La préparation de ce texte législatif n’a pas été rendue publique par le ministère birman des Affaires religieuses et de la Culture, mais par des représentants de plusieurs groupes religieux qui ont assisté à des réunions préparatoires avec le ministre. « Au moins un prêtre catholique était présent [à l’une de ces réunions], a encore précisé Mgr Charles Bo à AsiaNews. Il n’y a pas eu de discussions sérieuses. Le ministre a dit qu’il était ouvert à toutes les religions mais j’ai le sentiment que c’était très superficiel. »
 
Une volonté politique nouvelle
 
Même si le projet en est à ses tout débuts, cette volonté de la part d’un gouvernement birman de promouvoir l’harmonie religieuse est nouvelle. La précédente administration, dominée par les anciens militaires, avait fait voter un paquet de quatre lois sur « la protection de la race [birmane] et de la religion [bouddhiste] », critiquées par les minorités religieuses qui les jugeaient discriminatoires. Ces lois visent à restreindre les conversions et les mariages interreligieux, à interdire la polygamie et les relations sexuelles hors mariage, ainsi qu’à contrôler la démographie dans les régions où la natalité est forte. Ces textes sont entrés en vigueur l’an dernier.
 
L’objectif affiché de la promotion de l’harmonie religieuse contraste par ailleurs avec les premiers actes et déclarations du nouveau ministre des Affaires religieuses. Le jour de son entrée en fonction, Thura U Aung Ko avait parlé, sur la radio Voice of America, des musulmans, des hindous et des minorités ethniques comme des ressortissants « associés », sous-entendant qu’ils n’étaient pas pleinement birmans. « La question de savoir si vous êtes ressortissant [birman] ou non n’a rien à voir avec la religion, s’est emporté un avocat musulman dans la presse locale. [Les] remarques [du ministre] ne respectent pas la Constitution. En tant que ministre de l’Union, il devrait le savoir. »
 
Les premiers pas controversés du ministre des Affaires religieuses
 
Trois jours après son intervention remarquée sur les ondes, Thura U Aung Ko a rendu visite aux dirigeants du mouvement bouddhiste extrémiste Ma Ba Tha, y compris à son chef de fil, le très virulent moine U Wirathu.

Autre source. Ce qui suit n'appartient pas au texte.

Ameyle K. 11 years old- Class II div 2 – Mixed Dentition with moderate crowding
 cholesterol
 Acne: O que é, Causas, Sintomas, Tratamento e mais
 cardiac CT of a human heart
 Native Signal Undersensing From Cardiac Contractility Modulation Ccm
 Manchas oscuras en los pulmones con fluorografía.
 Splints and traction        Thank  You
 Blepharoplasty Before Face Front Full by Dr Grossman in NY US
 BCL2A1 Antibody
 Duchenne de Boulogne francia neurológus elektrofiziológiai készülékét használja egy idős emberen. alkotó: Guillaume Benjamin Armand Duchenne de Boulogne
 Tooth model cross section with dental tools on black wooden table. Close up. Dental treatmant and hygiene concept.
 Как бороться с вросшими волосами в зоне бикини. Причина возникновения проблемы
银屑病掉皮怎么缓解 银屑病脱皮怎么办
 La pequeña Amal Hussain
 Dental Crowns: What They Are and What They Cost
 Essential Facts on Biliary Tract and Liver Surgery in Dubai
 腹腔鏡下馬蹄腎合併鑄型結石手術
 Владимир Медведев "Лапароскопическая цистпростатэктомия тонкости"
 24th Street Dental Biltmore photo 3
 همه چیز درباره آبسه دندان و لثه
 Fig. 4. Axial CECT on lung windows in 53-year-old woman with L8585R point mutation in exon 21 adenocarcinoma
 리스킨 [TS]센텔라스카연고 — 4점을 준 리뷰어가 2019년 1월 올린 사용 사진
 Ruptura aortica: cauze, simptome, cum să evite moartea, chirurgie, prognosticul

Son déplacement a été médiatisé en Birmanie. « C’était juste pour leur rendre visite et il n’y a rien eu de spécial. Il a été nommé ministre et il y est allé pour les présentations », s’est défendu un directeur général du ministère.
 
Thura U Aung Ko est l’un des deux ministres civils du nouveau gouvernement pro démocratique issus des rangs du parti des anciens militaires, l’USDP, défait aux dernières élections législatives. Il était l’adjoint du ministre des Cultes sous la dictature militaire, avant 2011. En août dernier, lui et d’autres dirigeants de l’USDP ont été exclus du parti, accusés d’entretenir une trop grande proximité avec celle qui dirigeait alors l’opposition, Aung San Suu Kyi.
 
Le nouveau gouvernement de la Ligue nationale pour la démocratie s’est montré très prudent dans son approche de la question arakanaise. En 2012, plus de cent mille personnes, la plupart musulmanes, ont fui des combats interreligieux dans l’Etat de l’Arakan, frontalier du Bangladesh. Depuis, elles vivent dans des camps de déplacés. La plupart sont apatrides. Le nouveau gouvernement ne semble pas avoir de plan précis pour gérer ce dossier, et rapprocher les communautés musulmanes et bouddhistes qui vivent de manière séparée depuis quatre ans. « Il est impossible de les réunir immédiatement. Nous allons devoir le faire étape par étape, a déclaré début mai le Premier ministre de l’Etat de l’Arakan, U Nyi Pu (LND), sans mentionner quelles seraient ces étapes. C’est un processus qui va prendre du temps. C’est pourquoi il ne sera pas accompli pendant notre mandat de cinq ans. »
 
Des bouddhistes radicaux à l’affût
 
La LND ne démontre aucun empressement car elle sait qu’elle marche sur des œufs. L’Etat de l’Arakan est particulièrement instable depuis février. L’Armée arakanaise, un groupe rebelle ethnique, combat l’armée birmane dans plusieurs townships du nord de la cette région. Plus de mille personnes ont été déplacées ces cinq derniers mois.
 
Par ailleurs, les bonzes du mouvement radical Ma Ba Tha maintiennent la pression sur le nouveau gouvernement. A l’occasion de la célébration du troisième anniversaire de la formation de leur groupe, ils ont appelé le pouvoir à protéger le bouddhisme, à ne pas revoir la loi sur la nationalité qui empêche les musulmans de l’Arakan de l’obtenir, et à ériger une barrière à la frontière bangladaise pour se protéger d’une prétendue immigration illégale. Le nouveau gouvernement n’a pas indiqué ses intentions sur ces sujets brûlants.
 
U Nyi Pu dirige l’Etat de l’Arakan en tant que Premier ministre local mais son parti est minoritaire au parlement régional. Son autorité a été mise à mal dès les premières heures de son mandat. Les représentants de la formation politique majoritaire dans l’Arakan ont quitté la séance parlementaire lorsqu’il a été nommé à son poste, en signe de protestation. Au regard de ses déclarations dans la presse birmane, il semble donner la priorité à la stabilité et au développement économique plutôt qu’à l’octroi de droits politiques et sociaux aux minorités de l’Arakan, un sujet très controversé en Birmanie.